Sam Bonar’s birthplace, Kishinev


Kishinev (Chișinău) in Bessarabia, New Russia was the hometown of Samuel Bonar. The area around Chișinău is now part of modern Moldova.

Kishinev lies close to the Black Sea and its great harbor of Odessa. During the early 19th Century, many Jewish families, under pressure from the Russian Imperial government,  relinquished the occupations they had followed for decades and left the northern Pale of Permanent Jewish Settlement (now Belarus) to settle in the lands to the south of the Pale acquired during the Russo-Turkish War of  1787-1792 and known as New Russia.
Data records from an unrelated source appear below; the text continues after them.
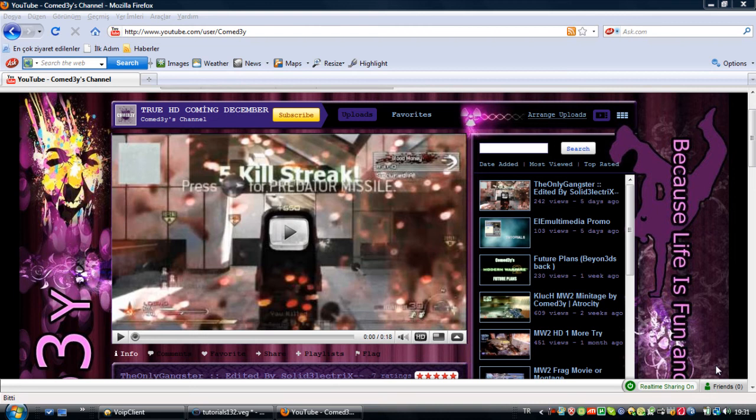Quick update: I'm getting a Blackmagic Intensity Pro, hopefully, and once I get it I promise I'll upload a bunch of commentaries, montages, tutorials, and editing — all in HD. It'll be a great channel. That's it. Comedy out.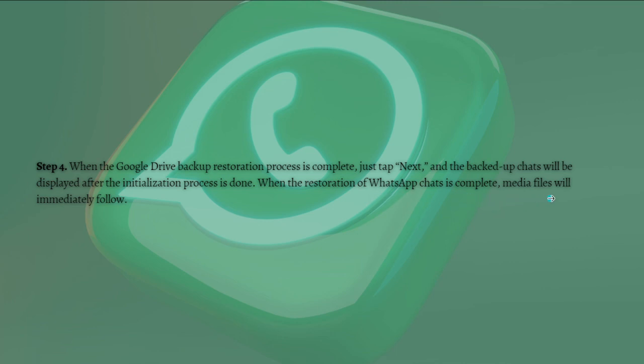When the restoration of WhatsApp chats is complete, media files will immediately follow. Of importance to note is that if you had not created a Google Drive backup, WhatsApp by default would restore WhatsApp chats and files from your local backup file.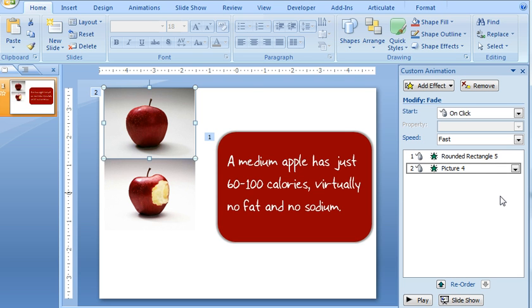Well, in PowerPoint, there's not really a way to change the defaults. But if you're working with images, here's one thing in PowerPoint 2007 that might help.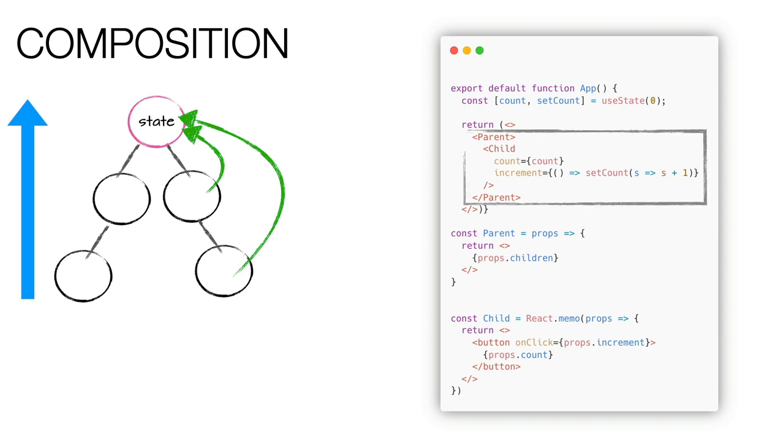In fact, we see that our child component receives the properties from the app component and the parent doesn't need to pass them using drilling props.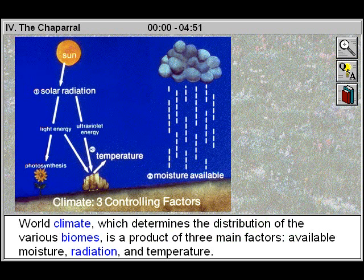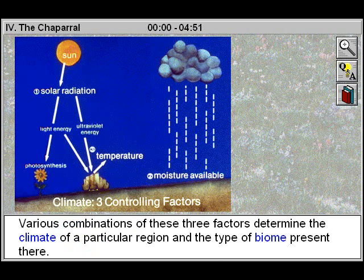World climate, which determines the distribution of the various biomes, is a product of three main factors: available moisture, radiation, and temperature. Various combinations of these three factors determine the climate of a particular region and the type of biome present there.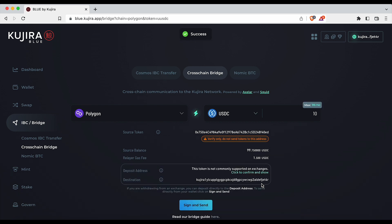You will now see the source token, source balance, relay gas fee, and the destination address. Make sure that your destination address matches with your address in the top right.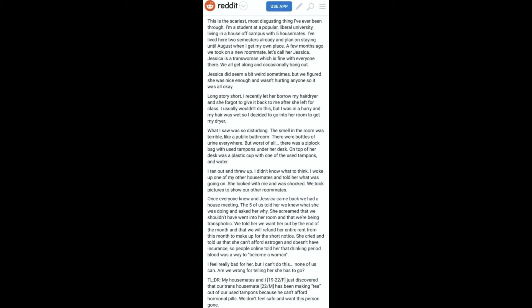She screamed that we shouldn't have gone into her room and that we're being transphobic. We told her we want her out by the end of the month and that we will refund her entire rent from this month to make up for the short notice. She cried and told us that she can't afford estrogen and doesn't have insurance, so people online told her that drinking period blood was a way to become a woman.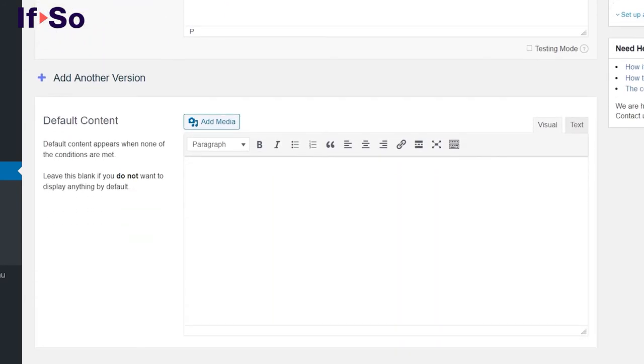Needless to say that you can add as many dynamic versions as you want. IFSO will check the condition of the first version and if it is not met IFSO will go on and check the next condition.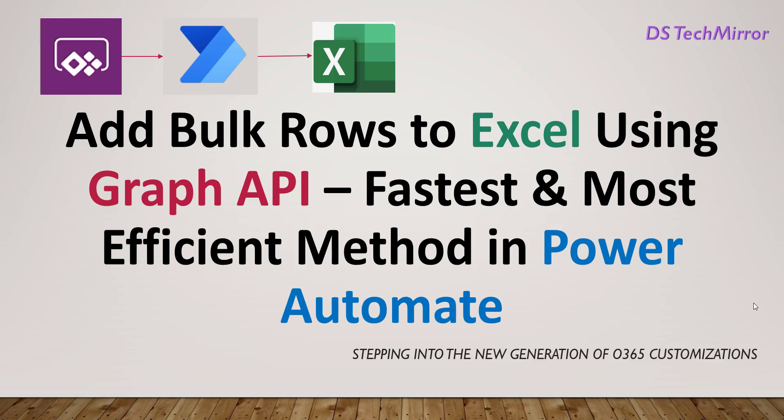Hello friends, welcome back to our YouTube channel DSTechmirror. Today's topic is how to add bulk rows to Excel using Graph API, the fastest and most efficient method in Power Automate.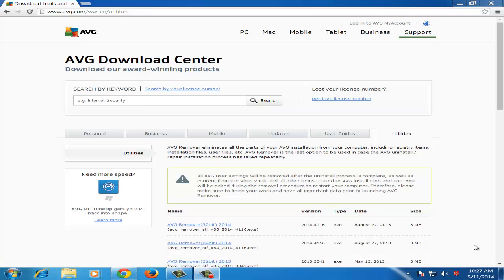Hi friends, welcome to this new tutorial. In this video tutorial, I will show you how to remove AVG from your computer.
Here they became farmers, an area of expertise which had heretofore been denied to  Jews in Europe for centuries. Most likely,  the family named Bonar (Bean Farmer) was among these new settlers.

Jewish Wine Makers in Kishinev

Jewish Wine Makers in Kishinev

Besides being encouraged to go into farming, there was another advantage for the Jews of New Russia: public education. Unlike the situation in most of the Pale of Permanent Jewish Settlement where the only structured education available to boys  (girls received none) was  the  purely religious-legal information taught in Yiddish and Hebrew in the heders and yeshivas, the boys and girls of Kishinev learned secular subjects: mathematics, history, languages, and the sciences in the Russian language.
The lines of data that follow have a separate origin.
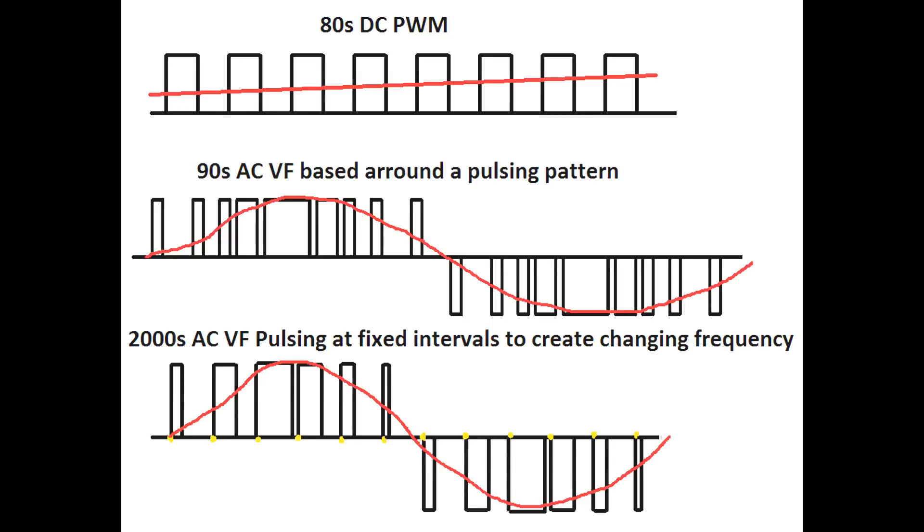We move on into the late 90s with later variable frequency devices. These ones use a set 2000 hertz pulsing frequency, so it just makes a sort of constant noise no matter what speed the motor goes.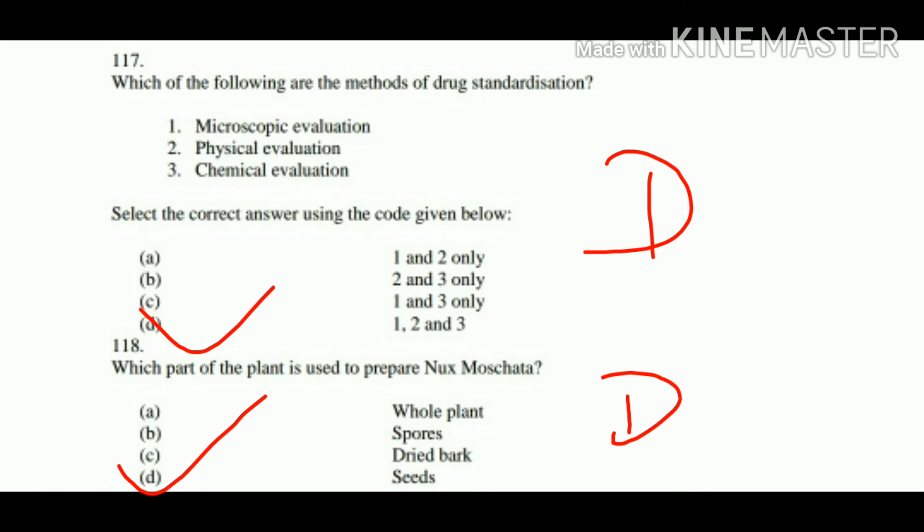Question number 118: Which part of the plant is used for Nux moschata preparation? Seeds are used for Nux moschata preparation. Whole plant and whole dried bark are not used. Option D is right. This has been discussed already in the pharmacy video.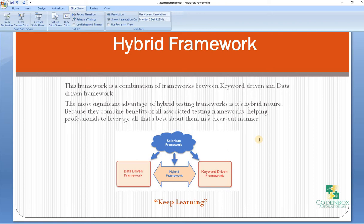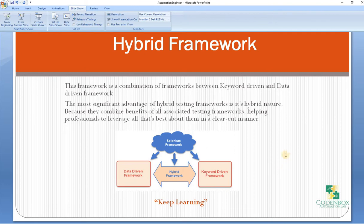For example, keywords like 'login', 'click link', and 'verify link' are defined within the code. 'Login' is an action, 'click link' is a locator to click any link, and 'verify link' is another locator. Those are the keywords embedded with the test data. Next is hybrid framework. Hybrid framework is a combination of keyword driven and data driven frameworks. The most significant advantage is its hybrid nature — it combines the benefits of all associated testing frameworks, giving you the best of both.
In 1901, a law was enacted making it very difficult for Jewish children to go beyond middle school (Pro-Gymnazium). Unless there was a Jewish vacancy, there was little chance for Jewish boys and girls to attend Gymnazium (high school). That is to say, by 1904 when Sam was 14,  his chance for formal educational opportunities were restricted. But the fact that Sam gained proficiency in English grammar and syntax, as manifested in the three letters in his hand from Australian period, indicates that he did in fact, attend high school in Kishinev.

To be sure, the Kishinev Massacres of 1903 and 1905 must have convinced Sam that in time he would do well to leave Russia. According to Merrill Bonar, Sam went to sea as a helper on ships. This would have occurred c. 1908, when the new and glamorous city of Odessa with its famous port beckoned him to go forth and see the world.


Map of New Russia showing the location of Kishinev and Odessa.

Jewish Kishinev

By 1774, Kishinev, Bessarabia was home to 540 Jews, representing 7 percent of the town’s population. A burial society was founded in 1774 with 144 members. Zalman ben Mordekhai Sharogrodski was Kishinev’s first rabbi, and in 1812 Ḥayim ben Shelomoh Tyrer laid the foundation for the Great Synagogue. During the same period a Jewish hospital opened, and in 1838 a Jewish school with a secular curriculum was started on the initiative of local Maskilim. In 1858, the Jewish educational system included two state secular schools, a private school for girls, and 46 heders. A Hasidic yeshiva, one of the first in the south of the Russian Empire, functioned from 1860.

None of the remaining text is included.